Dutch historian (born 1951)

Maria Janna "Marjan" Schwegman (born 20 February 1951, Middenmeer) is a Dutch historian who was managing director of the NIOD Institute for War, Holocaust and Genocide Studies from March 2007 to 18 February 2016. Besides that, she is a professor in Politics and Culture in the 20th century at the faculty of Humanities at Utrecht University.

== Life and work ==
Marjan Schwegman studied history at the University of Amsterdam.

From 2003 to 2007 Marjan Schwegman was managing director of the Royal Netherlands Institute in Rome. Previously she worked at the University of Amsterdam, Leiden University, Maastricht University and Utrecht University. In Utrecht she became bijzonder hoogleraar (endowed professor) women's history.

From 2007, she occupied the chair of Politics and Culture in the Long Twentieth Century. Since 2003, her main work is no longer at the university: from 2003 to 2007 she was director of the Royal Netherlands Institute in Rome. She has been director of NIOD since 2007.

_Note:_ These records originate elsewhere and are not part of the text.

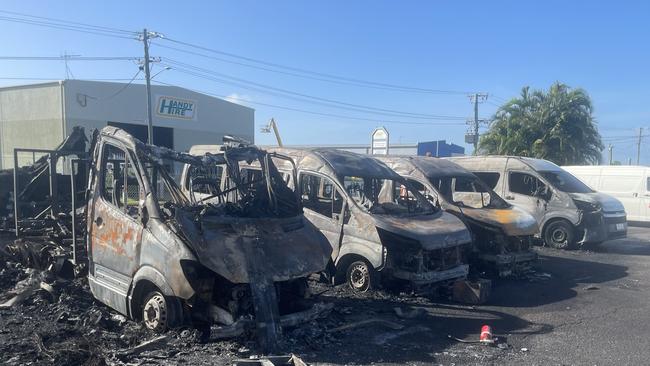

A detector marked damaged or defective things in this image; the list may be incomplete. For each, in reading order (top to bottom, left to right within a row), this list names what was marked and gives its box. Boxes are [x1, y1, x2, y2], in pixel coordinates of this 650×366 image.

burnt tyre [142, 292, 168, 332]
burnt trailer [82, 126, 330, 352]
burnt trailer [218, 147, 470, 294]
burnt tyre [344, 260, 374, 292]
burnt trailer [380, 155, 536, 278]
burnt tyre [540, 220, 572, 249]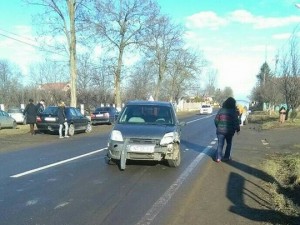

From 2009–2010, she was vice-chairman of the Commissie-Davids (an independent commission supervised by jurist Willibrord Davids, the 'Davids Committee') which looked into the decision-making process for the Dutch support in the Iraq War.

On 18 February 2016, Jet Bussemaker decorated Schwegman with the title officier in de Orde van Oranje-Nassau (Officer in the Order of Orange-Nassau).

She wrote a biography of the Italian educator Maria Montessori (2000) as well as a biography of the 19th-century Italian feminist Gualberta Beccari, and biographical articles on Giuseppe Mazzini and Cesare Lombroso.